Yoga Mind – Come definirebbe Vipassana?
Corrado Pensa – La meditazione di Vipassana, o “chiara visione”, è parte cruciale dell’insegnamento del Buddha, ove essa è considerata lo strumento principe per raggiungere la liberazione dalla sofferenza. Tale meditazione si propone anzitutto di coltivare un’attenzione intenzionale che si rivolge momento per momento a ciò che sorge nel presente: sensazioni fisiche, moti di avversione e di attaccamento, emozioni, immagini, fantasticherie, frequenti ruminazioni mentali. Dunque un’attenzione intenzionale e attiva in contrasto con l’attenzione comunemente intesa che si accende per scopi specifici (fare un lavoro, capire un discorso, seguire un film). Questo tipo di attenzione intenzionale viene esercitata sia nella meditazione formale, sia nella meditazione in azione. Essa si prefigge una graduale depurazione della mente da quel capillare inquinamento prodotto da avversione, attaccamento e confusione mentale, ossia dalle cause fondamentali del disagio esistenziale. In questo modo diventa possibile sviluppare, altrettanto gradualmente, la chiarezza mentale e il calore del cuore.
Che differenza c’è fra concentrazione e attenzione dunque?
La concentrazione è attenzione focalizzata e serve a costituire un fondamento di maggior stabilità e calma mentale. Una volta costruito tale fondamento, l’attenzione, o consapevolezza, deve farsi più diffusa, più flessibile e, soprattutto, più penetrante. In modo da sfociare in una comprensione via via più rilassata e compassionevole dei disagi grandi, piccoli e minimi del nostro quotidiano.
Quali sono le differenze con il pranayama, visto che anche nella Vipassana la respirazione è un elemento fondamentale?
Nel pranayama, come la stessa parola sanscrita dice, si controlla il respiro. Nella modalità più diffusa della Vipassana il respiro, invece, si segue così com’è. Inoltre il respiro è solo uno dei supporti meditativi possibili: parti del corpo, reattività emotiva, suoni, etc., sono per esempio alcuni dei molti altri.
Quali sono le modalità pratiche della meditazione Vipassana?
Nella maggior parte degli stili di Vipassana i modi formali di praticare sono due: seduti con la schiena eretta e gli occhi chiusi o socchiusi oppure in camminata lenta e consapevole, con gli occhi aperti. Poco coltivata in Occidente ma diffusa, invece, nel sudest asiatico, la meditazione in piedi da fermi.

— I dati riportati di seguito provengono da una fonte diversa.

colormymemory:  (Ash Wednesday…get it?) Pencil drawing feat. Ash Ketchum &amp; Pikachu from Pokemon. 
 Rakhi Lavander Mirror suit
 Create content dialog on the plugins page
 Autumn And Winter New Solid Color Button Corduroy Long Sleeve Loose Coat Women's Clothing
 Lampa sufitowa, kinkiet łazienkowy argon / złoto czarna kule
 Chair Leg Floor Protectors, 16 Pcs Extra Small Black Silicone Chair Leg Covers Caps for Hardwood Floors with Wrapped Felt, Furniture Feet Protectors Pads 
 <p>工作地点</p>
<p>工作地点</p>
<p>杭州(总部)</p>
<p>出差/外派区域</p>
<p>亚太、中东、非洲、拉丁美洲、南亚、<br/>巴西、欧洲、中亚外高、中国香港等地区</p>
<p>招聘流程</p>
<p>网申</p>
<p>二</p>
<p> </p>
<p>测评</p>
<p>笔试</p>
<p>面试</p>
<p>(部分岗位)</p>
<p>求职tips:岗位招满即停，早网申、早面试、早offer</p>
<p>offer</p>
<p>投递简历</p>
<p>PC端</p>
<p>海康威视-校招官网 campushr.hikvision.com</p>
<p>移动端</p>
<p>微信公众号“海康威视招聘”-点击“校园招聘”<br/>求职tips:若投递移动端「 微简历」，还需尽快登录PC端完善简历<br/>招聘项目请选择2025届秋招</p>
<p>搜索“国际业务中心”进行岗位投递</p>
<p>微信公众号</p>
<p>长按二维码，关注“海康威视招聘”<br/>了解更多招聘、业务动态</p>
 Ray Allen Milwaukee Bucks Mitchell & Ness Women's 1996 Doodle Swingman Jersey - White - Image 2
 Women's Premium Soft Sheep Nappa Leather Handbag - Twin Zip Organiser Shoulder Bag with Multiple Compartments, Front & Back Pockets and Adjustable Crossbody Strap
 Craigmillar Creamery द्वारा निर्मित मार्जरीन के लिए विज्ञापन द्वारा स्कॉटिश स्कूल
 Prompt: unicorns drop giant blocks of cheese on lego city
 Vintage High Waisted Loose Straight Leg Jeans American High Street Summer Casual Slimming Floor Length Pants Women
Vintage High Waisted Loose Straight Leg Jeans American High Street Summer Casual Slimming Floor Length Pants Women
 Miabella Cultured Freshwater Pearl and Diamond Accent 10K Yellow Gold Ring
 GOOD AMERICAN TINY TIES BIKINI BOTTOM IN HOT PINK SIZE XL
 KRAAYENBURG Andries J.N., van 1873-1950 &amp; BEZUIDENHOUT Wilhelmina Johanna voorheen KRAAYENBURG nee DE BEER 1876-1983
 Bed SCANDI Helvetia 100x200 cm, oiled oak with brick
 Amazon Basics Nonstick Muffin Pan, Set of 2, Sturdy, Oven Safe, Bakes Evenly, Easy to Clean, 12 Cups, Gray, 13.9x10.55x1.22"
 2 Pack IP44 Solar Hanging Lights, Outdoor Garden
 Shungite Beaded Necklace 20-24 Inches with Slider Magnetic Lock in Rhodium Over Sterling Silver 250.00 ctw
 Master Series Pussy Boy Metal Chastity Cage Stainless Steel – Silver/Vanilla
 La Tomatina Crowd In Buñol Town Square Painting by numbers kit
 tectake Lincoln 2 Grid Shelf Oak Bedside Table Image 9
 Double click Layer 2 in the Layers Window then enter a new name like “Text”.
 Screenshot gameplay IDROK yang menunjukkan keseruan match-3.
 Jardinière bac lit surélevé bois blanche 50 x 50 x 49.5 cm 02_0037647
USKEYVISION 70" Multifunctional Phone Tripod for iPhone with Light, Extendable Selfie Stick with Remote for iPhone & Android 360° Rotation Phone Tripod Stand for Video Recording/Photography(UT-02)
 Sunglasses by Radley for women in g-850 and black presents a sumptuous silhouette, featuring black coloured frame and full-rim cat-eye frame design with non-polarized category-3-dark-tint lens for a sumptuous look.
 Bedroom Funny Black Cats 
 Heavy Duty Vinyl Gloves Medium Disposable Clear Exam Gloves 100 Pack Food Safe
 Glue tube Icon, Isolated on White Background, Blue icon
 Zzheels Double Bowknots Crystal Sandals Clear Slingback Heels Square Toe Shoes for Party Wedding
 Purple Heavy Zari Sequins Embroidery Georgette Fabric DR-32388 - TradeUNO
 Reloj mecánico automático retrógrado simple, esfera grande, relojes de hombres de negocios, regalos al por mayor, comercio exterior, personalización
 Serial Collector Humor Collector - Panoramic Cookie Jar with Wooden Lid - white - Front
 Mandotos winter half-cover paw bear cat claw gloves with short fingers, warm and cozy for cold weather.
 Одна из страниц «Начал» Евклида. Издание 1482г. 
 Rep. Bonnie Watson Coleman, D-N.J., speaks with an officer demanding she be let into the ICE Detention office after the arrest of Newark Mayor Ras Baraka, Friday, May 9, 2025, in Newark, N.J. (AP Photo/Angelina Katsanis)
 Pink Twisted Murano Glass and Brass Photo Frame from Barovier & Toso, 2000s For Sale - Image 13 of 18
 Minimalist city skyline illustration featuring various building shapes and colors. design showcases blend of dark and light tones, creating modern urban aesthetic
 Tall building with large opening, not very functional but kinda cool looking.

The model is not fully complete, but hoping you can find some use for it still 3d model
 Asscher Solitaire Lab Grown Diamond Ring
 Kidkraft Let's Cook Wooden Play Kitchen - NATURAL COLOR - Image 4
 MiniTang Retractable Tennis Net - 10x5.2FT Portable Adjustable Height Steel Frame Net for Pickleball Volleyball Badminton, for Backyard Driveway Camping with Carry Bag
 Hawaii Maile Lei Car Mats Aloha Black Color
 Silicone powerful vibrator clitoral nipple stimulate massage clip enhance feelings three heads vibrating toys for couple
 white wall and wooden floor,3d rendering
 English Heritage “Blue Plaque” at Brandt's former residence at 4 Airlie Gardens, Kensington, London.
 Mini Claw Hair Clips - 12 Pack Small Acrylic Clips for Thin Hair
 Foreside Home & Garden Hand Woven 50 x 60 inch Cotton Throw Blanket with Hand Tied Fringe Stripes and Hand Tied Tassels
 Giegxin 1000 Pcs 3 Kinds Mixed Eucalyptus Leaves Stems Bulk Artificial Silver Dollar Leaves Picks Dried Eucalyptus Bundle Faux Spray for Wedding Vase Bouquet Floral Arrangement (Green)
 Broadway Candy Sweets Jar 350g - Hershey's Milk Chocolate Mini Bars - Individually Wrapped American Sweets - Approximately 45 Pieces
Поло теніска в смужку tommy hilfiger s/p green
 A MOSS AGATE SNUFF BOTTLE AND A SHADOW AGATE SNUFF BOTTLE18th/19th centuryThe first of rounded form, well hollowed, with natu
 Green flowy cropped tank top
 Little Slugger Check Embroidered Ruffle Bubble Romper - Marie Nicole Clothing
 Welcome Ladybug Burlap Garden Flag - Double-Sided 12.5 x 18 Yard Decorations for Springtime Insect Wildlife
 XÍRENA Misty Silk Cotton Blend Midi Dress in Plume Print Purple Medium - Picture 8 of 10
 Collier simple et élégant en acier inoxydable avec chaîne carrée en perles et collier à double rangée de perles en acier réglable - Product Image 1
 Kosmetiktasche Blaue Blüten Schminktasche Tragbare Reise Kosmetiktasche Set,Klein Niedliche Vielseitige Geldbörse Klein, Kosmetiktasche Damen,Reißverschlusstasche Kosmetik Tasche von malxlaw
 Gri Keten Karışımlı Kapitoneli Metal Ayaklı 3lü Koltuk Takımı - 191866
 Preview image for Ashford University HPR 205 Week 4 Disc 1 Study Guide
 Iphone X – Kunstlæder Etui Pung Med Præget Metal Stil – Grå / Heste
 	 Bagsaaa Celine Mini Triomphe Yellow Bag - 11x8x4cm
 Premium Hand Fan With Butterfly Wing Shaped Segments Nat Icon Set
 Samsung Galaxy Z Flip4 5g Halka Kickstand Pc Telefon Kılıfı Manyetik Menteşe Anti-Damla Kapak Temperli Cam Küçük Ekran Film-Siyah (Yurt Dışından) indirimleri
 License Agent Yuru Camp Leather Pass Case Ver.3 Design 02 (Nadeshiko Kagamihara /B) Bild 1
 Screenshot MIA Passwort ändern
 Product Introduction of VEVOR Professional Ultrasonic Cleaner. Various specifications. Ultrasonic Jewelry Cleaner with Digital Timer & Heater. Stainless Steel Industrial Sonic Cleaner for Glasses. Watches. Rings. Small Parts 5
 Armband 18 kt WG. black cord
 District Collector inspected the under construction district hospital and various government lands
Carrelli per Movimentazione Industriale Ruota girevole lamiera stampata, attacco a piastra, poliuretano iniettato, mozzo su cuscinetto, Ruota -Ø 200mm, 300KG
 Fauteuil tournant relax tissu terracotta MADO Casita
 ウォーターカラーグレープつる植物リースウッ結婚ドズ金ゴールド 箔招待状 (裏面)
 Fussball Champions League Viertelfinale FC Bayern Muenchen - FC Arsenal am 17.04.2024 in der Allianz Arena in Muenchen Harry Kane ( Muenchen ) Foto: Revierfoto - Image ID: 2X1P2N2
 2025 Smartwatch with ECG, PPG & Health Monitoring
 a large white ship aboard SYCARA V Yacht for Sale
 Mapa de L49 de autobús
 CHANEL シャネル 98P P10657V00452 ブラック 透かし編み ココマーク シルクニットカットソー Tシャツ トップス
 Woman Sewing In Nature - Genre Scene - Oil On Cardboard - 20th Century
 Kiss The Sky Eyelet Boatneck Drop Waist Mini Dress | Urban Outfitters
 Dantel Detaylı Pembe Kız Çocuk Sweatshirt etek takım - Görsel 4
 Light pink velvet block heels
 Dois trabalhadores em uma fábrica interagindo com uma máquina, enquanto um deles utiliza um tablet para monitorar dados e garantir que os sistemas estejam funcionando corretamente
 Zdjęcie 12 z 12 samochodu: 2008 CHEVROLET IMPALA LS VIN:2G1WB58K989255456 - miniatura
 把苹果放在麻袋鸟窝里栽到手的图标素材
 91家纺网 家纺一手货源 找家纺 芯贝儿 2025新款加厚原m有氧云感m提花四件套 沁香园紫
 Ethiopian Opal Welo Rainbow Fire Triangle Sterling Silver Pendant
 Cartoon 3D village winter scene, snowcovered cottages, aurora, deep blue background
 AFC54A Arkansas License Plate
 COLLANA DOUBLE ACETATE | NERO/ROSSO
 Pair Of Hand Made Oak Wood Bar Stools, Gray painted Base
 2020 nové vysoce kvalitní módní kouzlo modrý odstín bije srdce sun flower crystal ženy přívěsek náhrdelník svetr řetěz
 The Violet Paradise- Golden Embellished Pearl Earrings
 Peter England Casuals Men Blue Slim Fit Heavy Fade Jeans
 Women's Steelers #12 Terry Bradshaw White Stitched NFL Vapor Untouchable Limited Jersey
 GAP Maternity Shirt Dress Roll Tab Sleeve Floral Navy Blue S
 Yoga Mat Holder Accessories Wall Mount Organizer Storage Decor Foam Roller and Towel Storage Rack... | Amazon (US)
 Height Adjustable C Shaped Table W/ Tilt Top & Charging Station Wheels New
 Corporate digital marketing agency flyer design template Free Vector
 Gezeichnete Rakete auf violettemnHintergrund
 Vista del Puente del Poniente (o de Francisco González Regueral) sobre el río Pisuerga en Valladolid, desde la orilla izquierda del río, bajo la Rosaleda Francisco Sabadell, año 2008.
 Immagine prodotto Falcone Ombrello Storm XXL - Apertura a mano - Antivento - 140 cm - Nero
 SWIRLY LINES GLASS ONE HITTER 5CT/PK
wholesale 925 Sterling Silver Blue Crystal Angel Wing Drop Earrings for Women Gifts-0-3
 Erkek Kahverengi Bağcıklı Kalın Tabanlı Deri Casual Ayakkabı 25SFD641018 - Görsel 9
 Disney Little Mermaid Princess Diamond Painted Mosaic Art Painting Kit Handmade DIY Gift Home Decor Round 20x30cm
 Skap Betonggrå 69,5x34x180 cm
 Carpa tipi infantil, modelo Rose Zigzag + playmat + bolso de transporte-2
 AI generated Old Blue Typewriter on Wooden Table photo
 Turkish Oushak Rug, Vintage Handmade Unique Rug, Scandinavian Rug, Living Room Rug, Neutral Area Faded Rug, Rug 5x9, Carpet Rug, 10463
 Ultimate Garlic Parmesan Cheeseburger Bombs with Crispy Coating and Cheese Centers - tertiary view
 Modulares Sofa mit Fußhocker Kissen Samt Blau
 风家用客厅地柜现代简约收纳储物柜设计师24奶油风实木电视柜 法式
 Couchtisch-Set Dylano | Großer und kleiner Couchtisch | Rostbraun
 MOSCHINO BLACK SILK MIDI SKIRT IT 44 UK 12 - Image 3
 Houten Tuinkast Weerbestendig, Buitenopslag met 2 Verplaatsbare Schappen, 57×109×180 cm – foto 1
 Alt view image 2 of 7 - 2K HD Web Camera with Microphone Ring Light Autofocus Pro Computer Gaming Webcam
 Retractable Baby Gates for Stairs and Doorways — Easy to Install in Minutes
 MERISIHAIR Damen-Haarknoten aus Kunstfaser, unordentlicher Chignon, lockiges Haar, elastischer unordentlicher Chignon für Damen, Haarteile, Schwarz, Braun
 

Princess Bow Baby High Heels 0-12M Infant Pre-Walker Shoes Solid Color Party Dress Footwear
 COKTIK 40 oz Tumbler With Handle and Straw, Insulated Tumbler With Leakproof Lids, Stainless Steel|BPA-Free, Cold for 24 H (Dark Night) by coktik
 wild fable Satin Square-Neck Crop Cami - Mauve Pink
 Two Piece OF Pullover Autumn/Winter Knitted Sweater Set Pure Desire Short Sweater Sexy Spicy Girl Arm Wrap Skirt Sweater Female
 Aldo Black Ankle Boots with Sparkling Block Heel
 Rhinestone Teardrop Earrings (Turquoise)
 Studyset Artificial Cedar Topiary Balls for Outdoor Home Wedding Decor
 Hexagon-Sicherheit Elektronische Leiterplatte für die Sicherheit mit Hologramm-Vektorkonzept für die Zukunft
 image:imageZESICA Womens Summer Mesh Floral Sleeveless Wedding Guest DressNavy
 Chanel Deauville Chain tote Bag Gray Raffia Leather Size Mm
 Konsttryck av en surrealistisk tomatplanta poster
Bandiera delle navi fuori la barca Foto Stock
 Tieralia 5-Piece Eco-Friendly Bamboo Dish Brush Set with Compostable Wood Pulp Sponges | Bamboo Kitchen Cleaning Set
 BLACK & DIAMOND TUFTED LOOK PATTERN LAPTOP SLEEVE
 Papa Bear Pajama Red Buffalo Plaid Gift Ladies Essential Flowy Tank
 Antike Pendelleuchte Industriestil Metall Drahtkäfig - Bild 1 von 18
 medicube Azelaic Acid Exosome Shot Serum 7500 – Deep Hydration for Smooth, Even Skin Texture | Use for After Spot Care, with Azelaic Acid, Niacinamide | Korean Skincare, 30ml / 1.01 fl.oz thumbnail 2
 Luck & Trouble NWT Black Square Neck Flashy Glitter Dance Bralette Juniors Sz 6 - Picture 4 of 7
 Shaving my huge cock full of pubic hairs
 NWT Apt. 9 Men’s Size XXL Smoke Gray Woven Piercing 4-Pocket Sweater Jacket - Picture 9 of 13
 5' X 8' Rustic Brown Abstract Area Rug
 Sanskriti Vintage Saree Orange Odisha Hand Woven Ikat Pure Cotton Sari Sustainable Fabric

Non occorre essere buddhisti per praticare la Vipassana?
Sono d’accordo, però è necessario entrare un minimo nella questione. “Essere buddhisti”, nel senso di essere dogmaticamente sicuri della superiorità del buddhismo, è una forma di ciò che il Buddha chiamava “attaccamento alle opinioni e ai punti di vista”. Quindi mi pare che, fino a quando non abbiamo deposto questa presunzione, non siamo nemmeno entrati nel cammino del Buddha.
Se si segue appassionatamente il cammino interiore indicato dal Buddha, fondato su etica, meditazione e saggezza compassionevole, allora il fatto che ci si dica buddhisti o meno mi sembra irrilevante. Ci sono oggi in Occidente cristiani che percorrono la via del Buddha con molta più serietà di un buddhista “ideologico” e appagato dalle sue credenze.
In realtà la questione di fondo è da sempre un’altra: fino a che punto vogliamo dare priorità assoluta al cammino interiore lasciando così che esso riorienti radicalmente la nostra vita?